Bolsonaro também ganhou no Peru, com 48%. O país é governado por Pedro Castillo, professor e dirigente sindical, que venceu a eleição em 2021 contra Keiko Fujimori, filha do ex-ditador Alberto Fujimori.

A participação de brasileiros na região neste primeiro turno foi de 54%. Com a alta adesão no primeiro turno, e a desistência de muitos devido às filas, a campanha agora se concentrará em incentivar as pessoas a voltarem às urnas no próximo dia 30, para o segundo turno.

Muitos deverão comparecer, dado o engajamento provocado pela própria conjuntura. No entanto, o eleitor no exterior é suscetível a dúvidas específicas pela particularidade de participar do pleito fora do Brasil e, em muitos casos, de ser a primeira eleição que participam no exterior.

A articulação com movimentos e referências em outros países torna-se fundamental para alcançar e conscientizar o eleitorado brasileiro em outros países, especialmente os que contam com uma população numerosa de brasileiros. E não apenas para comparecer às urnas a cada quatro anos, mas também para a conscientização política e cidadã.

"No final de 2018, foram os movimentos populares, sindicais e partidos no exterior que conseguiram furar o bloqueio da mídia empresarial e corporativa no Brasil sobre a prisão do Lula", destaca Monica Valente. "Foi a partir do laço no exterior, da mobilização, da discussão e de figuras da intelectualidade de todo o mundo que órgãos da imprensa no exterior passaram a prestar atenção nas nossas questões."

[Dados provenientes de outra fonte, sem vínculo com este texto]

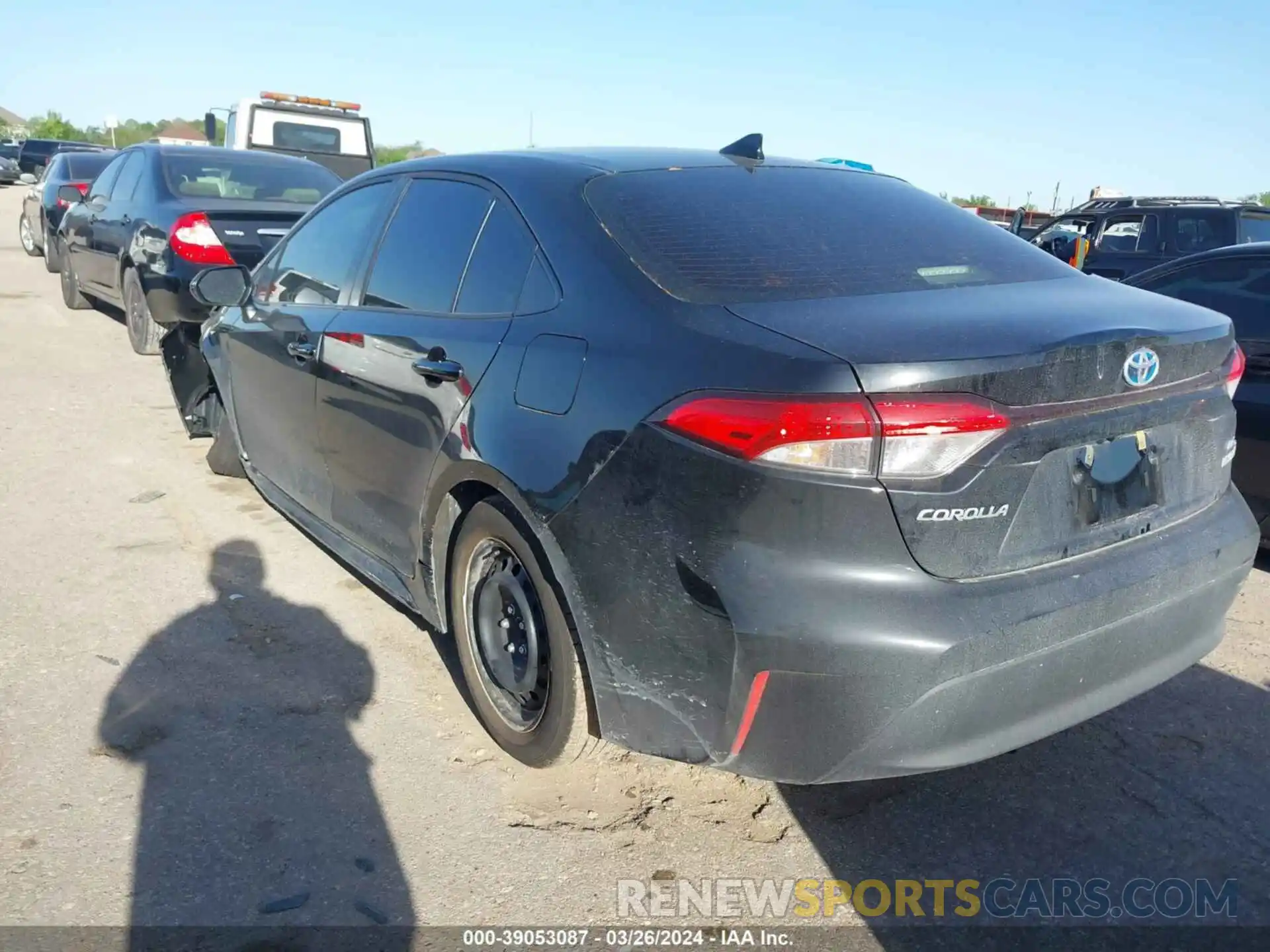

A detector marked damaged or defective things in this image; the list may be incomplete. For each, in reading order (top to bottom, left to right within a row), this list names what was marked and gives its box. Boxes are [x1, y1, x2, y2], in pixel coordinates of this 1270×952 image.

damaged black car [166, 141, 1259, 783]
damaged rear bumper [550, 428, 1254, 783]
missing license plate [1069, 431, 1159, 529]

Como lembra Paulo Pereira, em um encontro com o ex-presidente Lula na Cidade do México neste ano: “Ele disse que, se não fosse a comunidade internacional, incluindo todos os personagens políticos, anônimos, que faziam festivais Lula Livre, marchas, abaixo-assinados, que iam atrás de juristas, personalidades da mídia política, talvez ele ainda estivesse na cadeia", conta Pereira.

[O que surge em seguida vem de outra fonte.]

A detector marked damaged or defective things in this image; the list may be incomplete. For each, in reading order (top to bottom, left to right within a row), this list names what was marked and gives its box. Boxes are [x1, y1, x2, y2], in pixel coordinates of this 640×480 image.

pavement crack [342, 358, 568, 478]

"Temos hoje um presidente no poder que ameaça constantemente o Estado democrático de direito, e avisa que não vai reconhecer os processos eleitorais. O apoio internacional nunca foi tão importante", ressalta. "Em termos de números, parece irrisório dizer que temos 13 mil eleitores na Argentina, ao lado dos 156 milhões no Brasil. Mas não é só um número, é também uma grande mensagem e apoio internacional dizendo que nosso campo vai derrotar o ódio e o fascismo, seja onde for."